Ni bien se sube a la autopista que une Buenos Aires con La Plata, al cruzar el peaje de Avellaneda y pasando por las villas miserias de Dock Sud –el ‘doque’ lo llaman los bonaerenses-, Quilmes y Wilde, enormes carteles van contando los kilómetros que faltan para llegar a la capital de la provincia de Buenos Aires.
“A 45 km del único techo que no tapa las estrellas”, dice uno de ellos; “A 38 km de la mejor definición”, otro. El estadio único Ciudad de La Plata se ha convertido en un orgullo de esta localidad que, aunque golpeada como todo el país por la eliminación de Argentina, se dispuso para vivir una jornada intensa con el partido Brasil-Paraguay.
En la avenida 25 y la calle 527 están cómodamente juntos los hinchas de los dos países. Comen choripanes y toman cervezas. Cantan y hablan entre ellos, pero es imposible entenderlos.
Es que, si de atenerse al lenguaje se trata, el de ayer fue el partido más exótico de todos los que se pueden jugar en la Copa América. Por un lado, se escuchaba la festividad que solo los brasileños saben imprimir al portugués; por el otro lado, la serenidad del guaraní paraguayo.
“La no roñe’eito la guaranime ndaha’ei paraguay” o algo así dice el aficionado Héctor Díaz envuelto en una bandera albirroja. El guaraní es una lengua oral, pero no escrita. Traducido quiere decir “quien no habla guaraní no es paraguayo”, aunque nadie lo puede certificar.
“Me parece que quiere decir eso, pero no te lo podría decir. Solo hablamos el Guaraní, no lo escribimos”, dice Ignacio Segovia.
A los brasileños hay que pedirles que hablen con más lentitud. Se esfuerzan con el ‘portuñol’ que a veces resulta aún menos inteligible. Heberto Azzi llegó desde Belo Horizonte solo para este cotejo. Pagó USD 150 por la entrada y la movilización. Está contento y mantenía las expectativas de un resultado favorable, pero para él su mayor alegría fue la eliminación de Argentina.
“No me importa si Brasil no sale campeón; nada me quita la alegría de que Argentina quedó fuera en su propia casa”, dijo Azzi.
Proféticas sus palabras, apenas una débil batucada sonaba en una de las generales. La mayoría de los brasileños parecían “gauchos” porque sus cánticos eran semejantes a los que se estilan en el río de La Plata, o el consabido “Brasil-Brasil” que, escuchando bien, suena “Brasiu”. No faltaba el “Paraguay-Paraguay”.
Equilibrado mitad y mitad entre camisetas albirrojas y verde-amarillas, la diferencia en el graderío la hacían los locales que se quedaron con el abono y la esperanza de ver a la celeste y blanca en la semifinal del martes.

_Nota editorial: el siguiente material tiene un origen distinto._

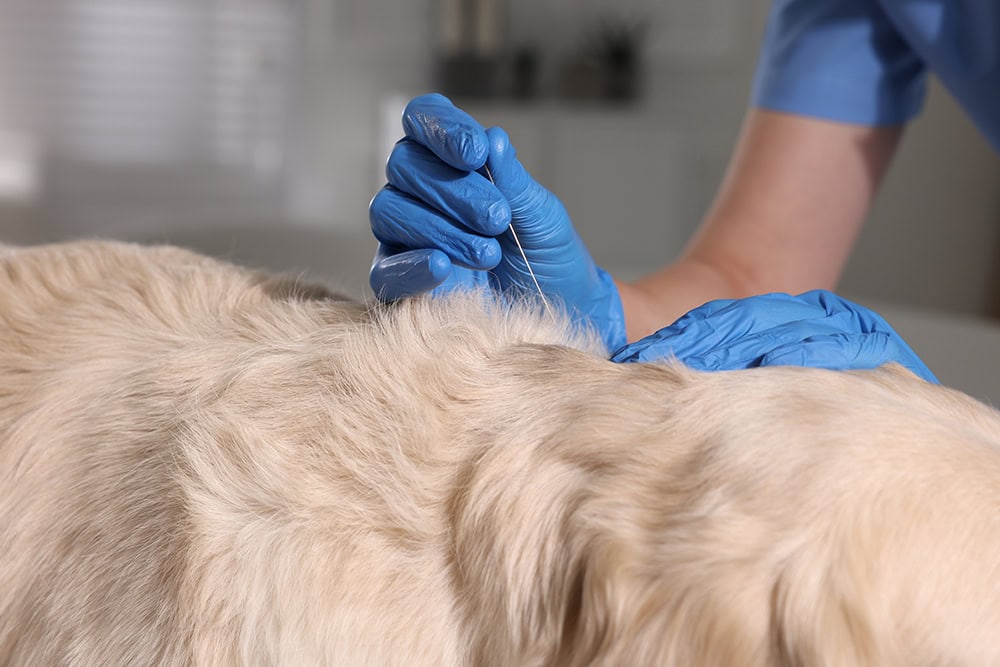 vet putting acupuncture needle to a dog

Había más encantos en las tribunas. Si por ahí andaba Larisa Riquelme mostrando sus pechos, en una de las suites ocho brasileñas gritaban como si se hubieran sacado la lotería en cada jugada. Todas ellas rubias, todas de ojos verdes y de cuerpos que cumplían a cabalidad con el estereotipo de la mujer de ese país. Parecían modelos o actrices. No importaba lo que hicieran. A cada tanto, las miradas volvían hacia ellas.